Monday, May. 28, 1951

Sprint Champions

Sprint Champions For most of his 38 years Jim Rathschmidt has been a fixture around the Princeton boathouse. As a kid, Jim spent his summer vacations helping his Uncle Johnny Schultz, Princeton's sculling coach, rig the Tiger shells for fall practice. When Jim graduated from nearby Hun School he just naturally gravitated back to Princeton--not as a student, but as a coach of the lightweight crews, later as coach of the freshman heavyweights. Last week Jim was back at Princeton's Lake Carnegie in a different role: new coach of the Yale varsity, and the only big-time U.S. crew coach who never pulled an oar in a college shell.

After trial heats had eliminated eight other crews,* the Ivy League's Big Three met to decide the Eastern Sprint (2,000-meter) Championship.

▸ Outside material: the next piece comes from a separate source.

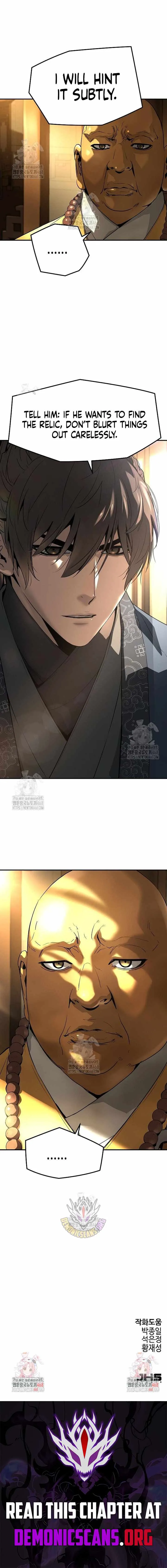 Absolute Regression Chapter 68 page 14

It was the first time in the 99-year history of U.S. intercollegiate crew racing that Yale, Harvard and Princeton had met in their own Big Three race.

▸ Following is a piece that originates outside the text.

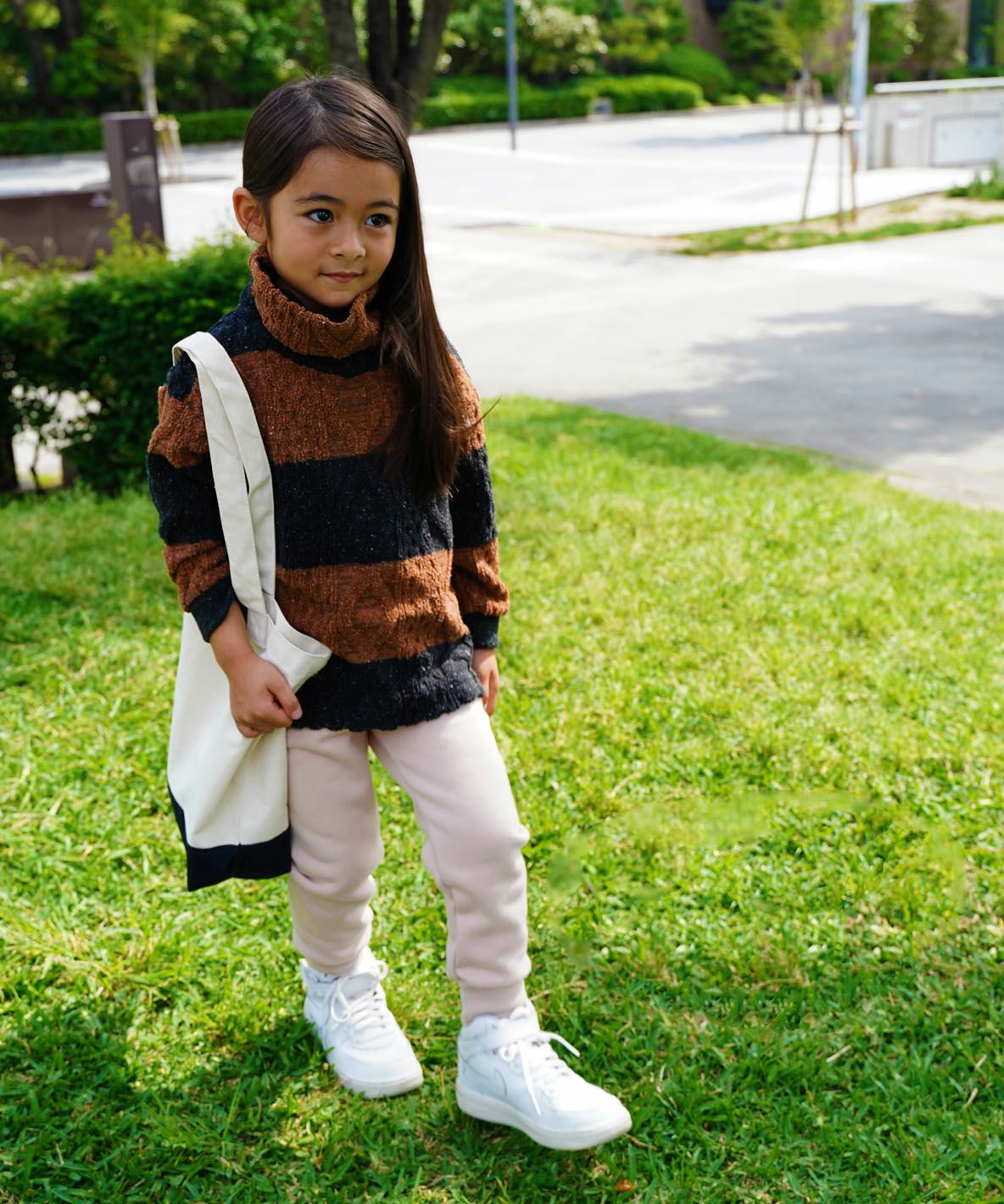 Ultra stretchy Warm Pants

As the three shells spurted off the mark at a 40-stroke-a-minute starting clip, it looked as if Harvard's perennial powerhouse would be an easy winner. Nearing the halfway mark Harvard led Yale by nearly a length, Princeton by two. Then the Yale coxswain called for a "big ten" (ten sprinting strokes). The spurt paid off. In the next 500 yards the Yale shell drew abreast of Harvard, skimmed past and kept right on going. Yale's winning margin: nearly a length, with Princeton (which had upset Harvard only two weeks before at a mile and three-quarters) another three lengths back. Yale's victory in the 2,000-meter sprint (the Olympic distance) looked so good to learning Jim Rathschmidt that he figured Yale, which loses only two men by graduation, "will have as good a chance as the western crews of going to the Olympics" in 1952. If Yale should make it, it will be the first time in 28 years that an eastern eight has made the Olympic trip.

* Navy, Cornell, Pennsylvania, M.I.T., Syracuse, Rutgers, Columbia and Boston University.